The first Arctic blast
Following last night’s snowstorm, Arctic air has now firmly established itself in the Mid-Atlantic region and it is some of the coldest air seen in these parts in about 5 years. Philadelphia International Airport is likely to drop to between 0 and 5 degrees by later tonight and that would be the coldest reading since January 17, 2009 when the low temperature bottomed out at 6 degrees. Temperatures could actually bottom out at or even slightly below zero later tonight in some of the suburbs of Philadelphia and also in much of the New York City metro region. However, as cold as this current Arctic air mass is, the blast coming early next week looks to be even colder and it will likely be the coldest air in 20 years to invade this part of the country.

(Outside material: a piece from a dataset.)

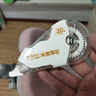 晨光（M&G）文具100m米黄芯修正带小学生专用双重壳体耐摔涂改带初中生改正带米黄纸张真隐形修改带 20m*5支装 实拍图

Next week’s amazingly cold Arctic blast
The next Arctic blast will work its way through the Midwest on Sunday and then arrive in the Mid-Atlantic region on Monday. Between Monday night and early Wednesday, the Mid-Atlantic region will be in the deep freeze and could very well see widespread below zero readings for low temperatures - and this even includes in the big cities along the I-95 corridor. Not since January of 1994, the winter still remembered around here as the “ice storm” winter, have we seen below zero readings in New York City, Philadelphia and Washington, DC - all at the same time. On January 19th, 1994, Central Park, NY reached -2 degrees, Philly Airport bottomed out at -5 degrees, and Reagan National Airport in DC reached -4 degrees. Next week’s incredible cold Arctic air outbreak may actually present an opportunity for below zero readings in the big cities on Monday night and also on Tuesday night. The plot seen below shows cold temperature extremes at DC’s Reagan National Airport going all the way back to 1946 which is when records began to be kept for the Washington, DC metro region. There have only been three below zero readings in that time period at the DC Airport. The GFS computer model forecast map (above) of the 500 millibar height anomalies for next Monday night over North America suggests that the polar vortex - normally seen close to the North Pole – will quite amazingly be centered over the Great Lakes (forecast map courtesy of WeatherBell.com). In other words, the coldest air in all of North America will be centered over the northeastern US during the early part of next week. The good news about this is that temperatures can only go up after this next Arctic air mass passes by our area.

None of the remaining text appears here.